Culture //

A rant about being a culturally Westernised Asian

Building your identity as an international student when you look Asian but are culturally westernised, is tough.

After spending the first few days of the Lunar New Year nearly two months ago at home in Singapore, I landed in Sydney.  

Singapore — the country where pretty much everyone, from Gen Z kids to baby boomers, speak English everyday. Where, just like Australians, we binge-watch the same trashy Netflix shows, bop to the same Ariana Grande hits, and laugh at the same Kermit the Frog memes.

Though I have always been mindful that I grew up in a westernised Asian country, starting university in Sydney was where I found myself in a unique conundrum that a certain type of Southeast Asian international student faces. We are not as Asian as students from China, Japan, and Korea who fluently speak their national languages and have distinctive Asian cultures, and yet we are not local enough to instinctively know what a “servo” means or who Paul Hogan is. We are familiar with Australia’s culture due to the country’s close proximity and its reputation as a popular holiday destination, but yet we cannot fully assimilate into a society we were not raised in.

We are geographically and culturally Asian. Singapore’s public holidays include religious South Asian celebrations such as Deepavali for Hindus and Hari Raya Aidilfitri for Muslims. Ethnically Chinese Singaporeans, just like the Chinese in Hong Kong and Malaysia, still follow traditional Chinese practices such as not washing your hair on the first day of the Lunar New Year as you would “wash” away your good luck.

Even the date of my departure from Singapore speaks volumes — my family would not let me miss the most important festival in the Lunar calendar, but at the same time this event is  not such an integral part of my Asian upbringing that I have to sit through the full fifteen days of the celebrations.

Building a social identity when you move to a new country is tough, but what makes it all the more confusing is when your situation is shared only by a unique bunch of international students also looking to fit in.

Kyle Teng, a fellow Singaporean at USyd, explained that they struggled to fit in seeing as they culturally perceive themselves to be more westernised. “It was difficult to associate myself to either group  [Asians or locals], due to the fact that I look physically similar to one, while I am more culturally similar to the other.”

“Not that it is an inherent need to belong to a specific group of people, but as an international student, I was hoping to find a community, one that shared similar cultural and societal beliefs as I did, so that I could socialize and forge meaningful relationships with others.”

Tiffany Vaughan, a second year, half Filipino, half English international student from Hong Kong, told Honi: “I felt pretty segregated [when I moved here]. At first I thought I would easily stick with a group since Sydney is pretty multicultural… but [there were] only a few I really felt a connection with.”

To make this cross-cultural adaptation more awkward, we still face Asian stereotypes.

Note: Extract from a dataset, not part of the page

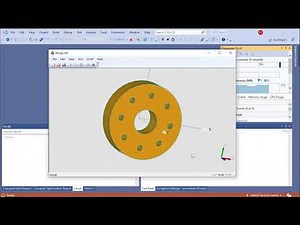 Parametric Design of Flange in Open Cascade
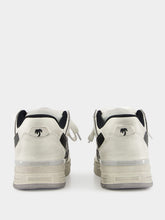 Palm Angels White and Black Venice Worn-Out Sneakers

Accents that correspond with the way we look is just one example. On my first day of orientation, a white girl was surprised to learn that I was not a local. “You speak English so well, I wouldn’t have thought you were an international student!”,she said.This didn’t come as a huge shock to me; I was aware of the stereotype that internationally, Asians speak English with a strong accent and not so fluently. But to experience it firsthand, my first thought was:  “Wait, so because I don’t sound like how you’d expect me to judging by the way I look, I would immediately be the same nationality as you?”

It is as though locals do not know which box to place us in. But that’s alright, because we too are still searching for which box to place ourselves in. Perhaps there is not any need for a box at all.

I constantly straddle between my identity I’ve cultivated for twenty years and the identity I am building here. When meeting new people, I find myself deciding if I should speak in a more white-washed accent or my original Singaporean accent. Or if another Southeast Asian student wants to hang out, I catch myself hesitating because I don’t want to be confined in my comfort zone, even if I do feel more at home than with a local, white student.

Perhaps two months is way too short a time for any first-year student, to feel like a part of something bigger than themselves. Perhaps, at some point during my time at USyd, I’ll proudly embrace my Asian heritage while dropping Aussie slang in my daily conversations and introducing my toast to Vegemite.

Until then, I’ll continue chatting with my friends back home in Singlish (a word recognised by the Oxford English dictionary), hang out with fellow Singaporeans (shout out to USYD’s Singapore Students’ Society), and continue my hunt for the most authentic Singaporean cuisine (The Ho Jiak in Haymarket is pretty decent).